CustomOperator is Send + Sync. For shared mutable state, use the usual synchronisation primitives:

#![allow(unused)]
fn main() {
use std::sync::{Arc, atomic::{AtomicUsize, Ordering}};

struct CounterOperator { counter: Arc<AtomicUsize> }

impl CustomOperator for CounterOperator {
    fn evaluate<'a>(
        &self,
        _args: &[&'a DataValue<'a>],
        _ctx: &mut EvalContext<'_, 'a>,
        arena: &'a bumpalo::Bump,
    ) -> Result<&'a DataValue<'a>> {
        let count = self.counter.fetch_add(1, Ordering::SeqCst) as i64;
        Ok(arena.alloc(DataValue::from_i64(count)))
    }
}
}

Error Handling

Return appropriate errors for invalid inputs:

#![allow(unused)]
fn main() {
impl CustomOperator for MyOperator {
    fn evaluate<'a>(
        &self,
        args: &[&'a DataValue<'a>],
        _ctx: &mut EvalContext<'_, 'a>,
        arena: &'a bumpalo::Bump,
    ) -> Result<&'a DataValue<'a>> {
        if args.is_empty() {
            return Err(Error::invalid_arguments(
                "myop requires at least one argument",
            ));
        }

        let num = args[0].as_f64().ok_or_else(|| {
            Error::type_error(format!("expected number, got {}", value_type_name(args[0])))
        })?;

        if num < 0.0 {
            return Err(Error::custom_message("value must be non-negative"));
        }

        Ok(arena.alloc(DataValue::from_f64(num.sqrt())))
    }
}

fn value_type_name(v: &DataValue<'_>) -> &'static str {
    match v {
        DataValue::Null => "null",
        DataValue::Bool(_) => "boolean",
        DataValue::Number(_) => "number",
        DataValue::String(_) => "string",
        DataValue::Array(_) => "array",
        DataValue::Object(_) => "object",
        _ => "other",
    }
}
}

The Error type is structured: tag() returns a stable variant tag, and the operator / path fields are populated automatically by the engine when a custom operator returns an error.
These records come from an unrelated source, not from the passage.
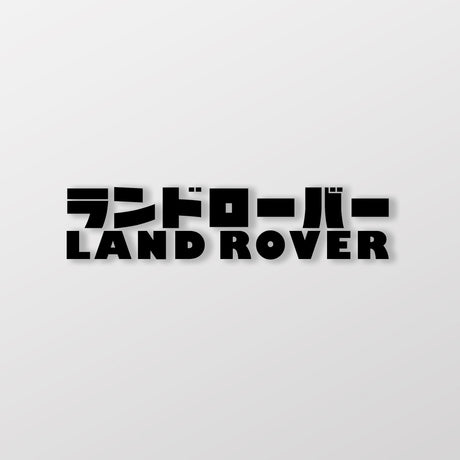 LAND ROVER/JP/車貼、貼紙 SunBrother孫氏兄弟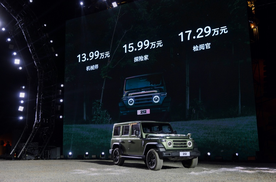 212全新车型T01正式上市 售价13.99万元-17.29万元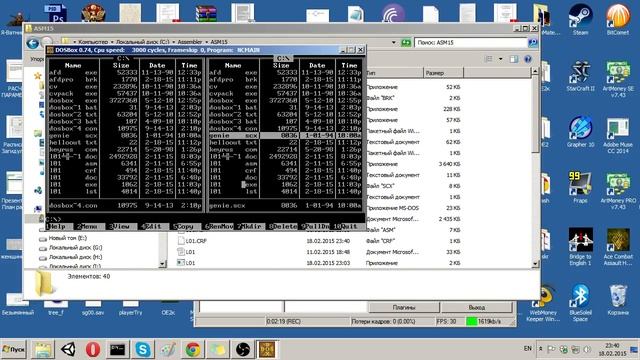 ЛР по ассемблеру 1. Часть 1.DosBox, NC, компиляция, запуск afd смотреть онлайн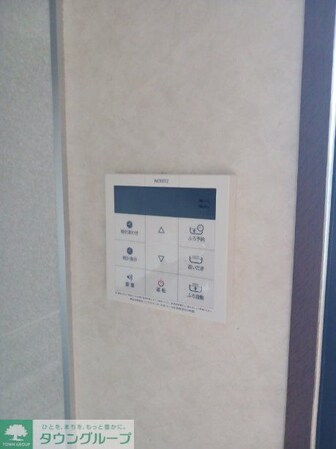 メゾン・ベルアームの物件内観写真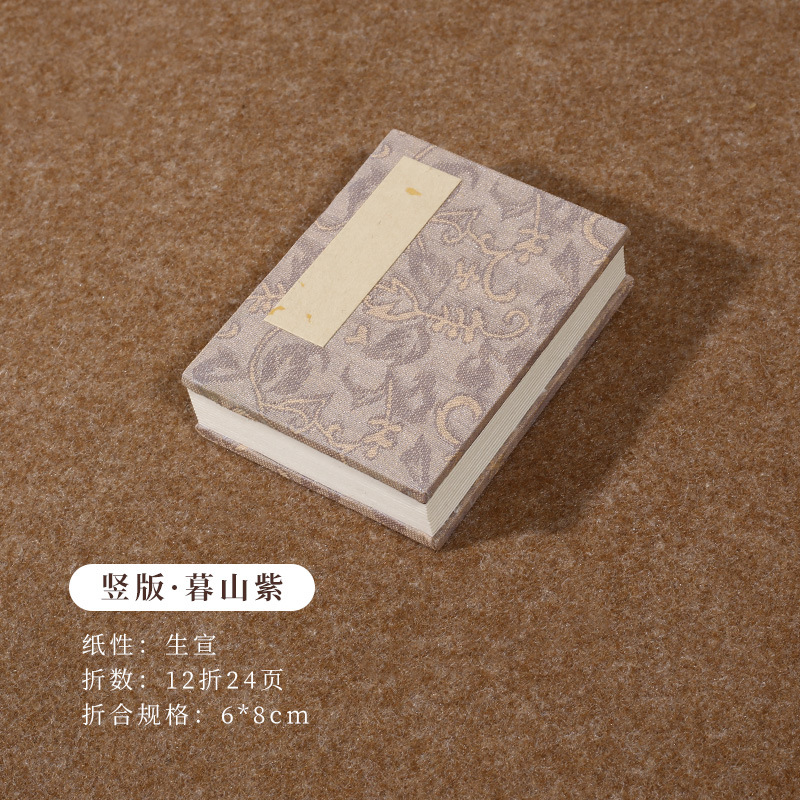 Cuaderno Plegable Mini de Papel de Arroz, plegable, para caligrafía y pintura china image 14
To wrap a foreign error type into Error, use Error::wrap:

#![allow(unused)]
fn main() {
"not_a_number".parse::<i32>().map_err(Error::wrap)?;
// `error.source()` returns the original `ParseIntError`.
}

Best Practices

  1. Validate argument count and types early.
  2. Allocate results in the arena (arena.alloc(...) / arena.alloc_str(...)).
  3. Return meaningful errorsError::invalid_arguments, Error::type_error, Error::custom_message, Error::wrap.
  4. Keep operators focused — one responsibility per operator.
  5. Use Arc for shared configuration to maintain Send + Sync.
  6. Test with literals, variables, and nested expressions — the engine evaluates each before calling you.